Once abroad I can also quite easily forget about Ireland. I become caught up in wherever I am. Anywhere seems an improvement – likely because my adult life in Ireland has never taken off. I left as soon as a I graduated. I have never had a well-paying, non-student job in Ireland and my recent memories are of unemployment, anxiety, dead ends and budget cuts. It is all too easy to understand why my emigrant life seems to glow in comparison.
I remember reading somewhere that the best way to cope with emigration is to throw yourself into the culture of your new home whole heartedly. It makes me laugh now to think of how literally I interpreted this. When I experienced the difference in personal space between the Irish and Spanish cultures, I decided that this would be the way I would force myself to row in with my new surroundings.
On every metro that I took I would sit next to someone rather than doing what I think is a very Irish/northern European thing and sit as far away from anyone else as the public transport will allow. It probably had little real effect on how I managed those years but whenever I reminded myself not to hide in the back seats I would feel a surge of pride at my continuous effort and my determination not to let my upbringing dictate the success I could have at integrating.
I have always maintained that it is only good to be Irish abroad. There is a sense of community that seems to spring up between any Irish people when they meet, especially if it is the middle of nowhere. I once struck up a conversation with a guy in a tiny café in Chiang Mai, Thailand who initially thought I was French. You don’t have this spirit of fun and comradery at home, I thought. It only exists because we are abroad. We are a community by necessity.
Until I came home for this month this belief was solid. Maybe, I’m now thinking, I kept it so in order not to entertain the idea that life could be better in Ireland. I wasn’t ever in a position to move home. When this month is over and I return to work, it will not be in Ireland as it is still too expensive to live here. I needed to cultivate some myths to keep myself going as an emigrant. Perhaps that was one of them.
What I have learned in coming back here for this month is that many of my perceptions are true. I don’t have a rose-tinted view of the country but that was never my problem in the first place.

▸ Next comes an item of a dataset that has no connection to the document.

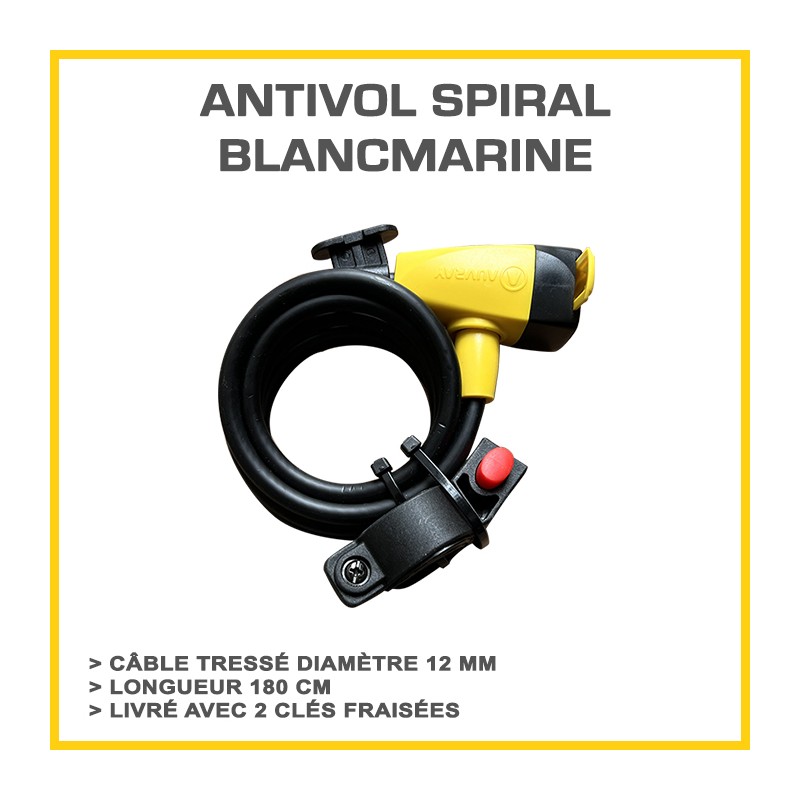 Antivol en acier avec serrure pour vélo pliant Blanc Marine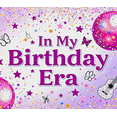 thumbnail image 4 of Purple Themed Birthday Backdrop Banner with Butterflies Disco Balls Stars Guitar Decorations Happy Birthday Party Supplies Photography Props Birthday Decoration Party Decor Backgrounds, 4 of 7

For every other fleeing visit I think I have refused to remove the glasses I felt were thrusted on me as I graduated university – to see the place gripped by a recession brought on by greed; grey, dark and with no opportunities for my generation. I’ve been carrying that with me for almost six years.
Would I move home to Ireland? I can’t see it. I like my life abroad and I feel thankful for what I have been able to achieve by leaving. Had I stayed I think I would be worse off than I am now.
I am glad that I haven’t gone to India. While I miss my boyfriend, the lessons I needed to learn have been here, waiting for me. I am learning to accept that the next time I leave Ireland I will be upset because of what I will genuinely miss and that I shouldn’t try to bury this under a layer of denial, refusing to believe in it.
Cheesy as it is, I feel I have just removed a pair of prejudiced glasses that I have been wearing since 2013. I like being home.